No total, a Anistia Internacional registrou 778 execuções em 2013, um aumento de 15% em relação a 2012. Como em anos anteriores, esse número não inclui “os milhares de pessoas executadas na China”, onde a pena de morte é considerada “segredo de Estado”, não havendo estimativas confiáveis que possam ser utilizadas, destaca a organização internacional de defesa dos direitos humanos.

Excluindo a China, cerca de 80% das execuções registradas no mundo ocorreram em apenas três países: o Irã, Iraque e a Arábia Saudita. A Anistia —também não conseguiu confirmar se houve execuções judiciais no Egito e na Síria.

Em 2013, o número total de países que aplicaram a pena de morte subiu para 22, mais um do que em 2012, recorrendo a métodos como decapitação, eletrocussão, enforcamento, fuzilamento e injeção letal.

Quatro países voltaram a recorrer à pena de morte, após anos de intervalo: a Nigéria, o Kuwait, a Indonésia e o Vietnã e foram registradas execuções públicas em quatro: a Arábia Saudita, Coreia do Norte, o Irã e a Somália.

No ano passado, pelo menos 1.925 sentenças de pena capital foram proferidas em 57 países, com aumento em relação a 2012, e pelo menos 23.392 pessoas estavam em corredores da morte.

Apesar dessa “evolução preocupante”, mantém-se “uma tendência firme em direção à abolição”, destaca a Anistia Internacional, que fala de “progressos” em todas as regiões do mundo. Mais de dois terços dos países são abolicionistas na lei ou na prática.

“Apesar de os Estados Unidos persistirem como o único país da América a aplicar penas capitais em 2013, o número de execuções continuou em declínio”. O estado de Maryland juntou-se a mais 17 estados norte-americanos que já eram abolicionistas.

Não houve registro de execuções na Europa e na Ásia Central e, pela primeira vez desde que a organização recolhe dados sobre pena de morte, os corredores da morte em Granada, na Guatemala e em Santa Lucia estavam sem prisioneiros.

Três dos países que executaram pessoas em 2012 não o fizeram em 2013 – Gâmbia, o Paquistão e os Emirados Árabes – e outros Estados perdoaram ou mudaram penas capitais.

O argumento de que a pena de morte é dissuasora do crime voltou a ser utilizado por quase todos os países que continuam a aplicá-la.
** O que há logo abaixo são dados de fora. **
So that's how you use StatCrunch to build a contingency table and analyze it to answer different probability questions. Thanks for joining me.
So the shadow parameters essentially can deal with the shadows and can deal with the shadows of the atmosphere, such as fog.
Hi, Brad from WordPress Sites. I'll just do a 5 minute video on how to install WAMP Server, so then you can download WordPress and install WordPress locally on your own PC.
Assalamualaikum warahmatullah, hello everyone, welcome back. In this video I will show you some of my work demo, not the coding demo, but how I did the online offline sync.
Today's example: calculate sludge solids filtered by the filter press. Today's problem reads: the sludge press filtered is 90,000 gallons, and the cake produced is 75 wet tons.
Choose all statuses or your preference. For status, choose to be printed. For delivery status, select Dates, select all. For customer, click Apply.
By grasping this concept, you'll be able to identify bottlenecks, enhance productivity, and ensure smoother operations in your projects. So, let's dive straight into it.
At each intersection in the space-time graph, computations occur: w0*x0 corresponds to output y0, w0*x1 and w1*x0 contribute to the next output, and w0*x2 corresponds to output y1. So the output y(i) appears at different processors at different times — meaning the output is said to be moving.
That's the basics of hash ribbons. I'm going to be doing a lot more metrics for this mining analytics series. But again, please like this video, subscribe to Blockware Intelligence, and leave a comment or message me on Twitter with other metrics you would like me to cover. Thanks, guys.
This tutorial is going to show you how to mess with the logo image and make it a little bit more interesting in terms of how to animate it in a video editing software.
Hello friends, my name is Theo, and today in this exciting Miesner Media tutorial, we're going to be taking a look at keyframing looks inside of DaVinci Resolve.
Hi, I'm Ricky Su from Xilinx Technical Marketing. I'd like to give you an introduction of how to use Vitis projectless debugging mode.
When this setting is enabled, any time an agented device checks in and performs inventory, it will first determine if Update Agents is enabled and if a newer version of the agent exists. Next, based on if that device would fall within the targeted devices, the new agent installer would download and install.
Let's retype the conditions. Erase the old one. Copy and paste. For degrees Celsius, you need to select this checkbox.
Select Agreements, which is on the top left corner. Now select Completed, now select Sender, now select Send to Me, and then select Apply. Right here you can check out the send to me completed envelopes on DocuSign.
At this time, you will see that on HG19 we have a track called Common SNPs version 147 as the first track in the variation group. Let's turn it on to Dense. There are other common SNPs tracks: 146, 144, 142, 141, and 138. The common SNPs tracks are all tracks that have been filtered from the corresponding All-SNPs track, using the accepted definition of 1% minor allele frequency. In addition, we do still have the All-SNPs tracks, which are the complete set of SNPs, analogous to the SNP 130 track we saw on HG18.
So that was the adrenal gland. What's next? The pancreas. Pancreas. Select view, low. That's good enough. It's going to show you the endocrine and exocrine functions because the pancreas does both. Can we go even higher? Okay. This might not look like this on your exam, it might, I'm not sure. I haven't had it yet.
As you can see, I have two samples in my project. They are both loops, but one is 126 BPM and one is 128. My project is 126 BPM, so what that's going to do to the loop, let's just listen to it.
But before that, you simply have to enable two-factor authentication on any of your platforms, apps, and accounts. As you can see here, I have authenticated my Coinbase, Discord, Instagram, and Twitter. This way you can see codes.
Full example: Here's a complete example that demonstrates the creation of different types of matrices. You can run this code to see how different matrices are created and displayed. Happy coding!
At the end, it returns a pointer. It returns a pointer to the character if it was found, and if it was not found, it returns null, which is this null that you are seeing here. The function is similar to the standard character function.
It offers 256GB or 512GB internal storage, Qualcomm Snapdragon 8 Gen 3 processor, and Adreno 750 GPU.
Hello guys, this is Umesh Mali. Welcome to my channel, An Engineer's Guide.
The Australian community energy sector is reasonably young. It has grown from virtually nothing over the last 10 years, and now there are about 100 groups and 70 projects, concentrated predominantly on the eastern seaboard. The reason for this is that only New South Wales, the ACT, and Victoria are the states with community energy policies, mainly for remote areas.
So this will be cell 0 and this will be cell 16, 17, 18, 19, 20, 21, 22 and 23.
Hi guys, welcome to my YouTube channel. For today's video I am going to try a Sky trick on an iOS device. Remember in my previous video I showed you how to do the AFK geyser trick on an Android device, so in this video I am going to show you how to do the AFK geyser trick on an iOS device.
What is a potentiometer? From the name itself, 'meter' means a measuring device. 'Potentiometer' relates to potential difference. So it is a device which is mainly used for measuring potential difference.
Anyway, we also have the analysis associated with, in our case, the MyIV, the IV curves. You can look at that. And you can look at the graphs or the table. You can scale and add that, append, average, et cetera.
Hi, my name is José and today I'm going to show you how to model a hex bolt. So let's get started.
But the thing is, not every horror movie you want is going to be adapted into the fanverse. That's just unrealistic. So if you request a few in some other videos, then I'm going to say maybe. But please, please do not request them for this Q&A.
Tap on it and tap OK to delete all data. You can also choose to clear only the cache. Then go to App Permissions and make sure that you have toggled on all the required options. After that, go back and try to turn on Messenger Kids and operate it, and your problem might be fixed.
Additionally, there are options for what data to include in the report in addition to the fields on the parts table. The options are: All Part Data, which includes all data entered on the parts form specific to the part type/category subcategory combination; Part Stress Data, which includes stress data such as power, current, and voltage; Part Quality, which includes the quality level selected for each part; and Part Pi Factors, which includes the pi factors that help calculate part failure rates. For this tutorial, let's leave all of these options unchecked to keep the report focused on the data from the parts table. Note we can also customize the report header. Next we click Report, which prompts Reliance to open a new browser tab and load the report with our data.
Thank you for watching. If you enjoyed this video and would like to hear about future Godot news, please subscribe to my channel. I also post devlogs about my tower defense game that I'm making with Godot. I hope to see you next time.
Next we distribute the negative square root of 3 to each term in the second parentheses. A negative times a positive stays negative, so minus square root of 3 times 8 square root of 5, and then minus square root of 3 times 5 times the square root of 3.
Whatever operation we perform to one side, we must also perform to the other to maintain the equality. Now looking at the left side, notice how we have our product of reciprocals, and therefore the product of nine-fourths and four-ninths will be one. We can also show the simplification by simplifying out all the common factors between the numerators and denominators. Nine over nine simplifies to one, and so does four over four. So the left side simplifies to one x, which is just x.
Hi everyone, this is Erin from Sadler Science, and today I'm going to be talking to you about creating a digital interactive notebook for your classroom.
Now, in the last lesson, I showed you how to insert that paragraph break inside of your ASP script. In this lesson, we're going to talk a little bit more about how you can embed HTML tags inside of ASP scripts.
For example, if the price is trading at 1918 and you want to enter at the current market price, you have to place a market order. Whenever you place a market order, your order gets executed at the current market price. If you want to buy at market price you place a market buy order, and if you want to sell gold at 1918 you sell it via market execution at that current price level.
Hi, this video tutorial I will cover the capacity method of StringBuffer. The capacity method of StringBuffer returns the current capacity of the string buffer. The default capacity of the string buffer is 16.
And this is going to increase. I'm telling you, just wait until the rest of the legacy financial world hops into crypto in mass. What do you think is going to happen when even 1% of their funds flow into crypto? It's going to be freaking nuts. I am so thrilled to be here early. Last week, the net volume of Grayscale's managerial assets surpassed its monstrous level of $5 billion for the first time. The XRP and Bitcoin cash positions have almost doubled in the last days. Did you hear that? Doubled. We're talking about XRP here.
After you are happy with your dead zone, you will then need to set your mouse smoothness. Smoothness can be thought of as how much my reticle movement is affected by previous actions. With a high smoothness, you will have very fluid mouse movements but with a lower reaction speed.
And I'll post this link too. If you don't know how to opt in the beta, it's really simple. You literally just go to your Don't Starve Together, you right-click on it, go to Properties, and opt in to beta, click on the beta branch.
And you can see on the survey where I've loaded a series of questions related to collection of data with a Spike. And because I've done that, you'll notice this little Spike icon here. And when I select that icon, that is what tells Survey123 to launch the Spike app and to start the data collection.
A Anistia contra-argumenta que “essa posição é cada vez mais insustentável e desacreditada. Não há provas convincentes de que a pena capital leve à desistência do crime”.

Sete países lusófonos surgem na lista da organização no grupo dos abolicionistas, que não aplicam a pena de morte a nenhum crime: Portugal, Angola, Moçambique, a Guiné-Bissau, São Tomé e Príncipe, o Timor-Leste e Cabo Verde. A exceção é o Brasil, que surge no grupo dos abolicionistas “apenas para crimes comuns”, mantendo a pena de morte para crimes cometidos em caso de guerra declarada.

A Guiné Equatorial, país que poderá aderir à Comunidade dos Países de Língua Portuguesa na próxima cúpula de julho, está no grupo dos retencionistas, que mantêm aberta a hipótese de pena de morte para crimes comuns.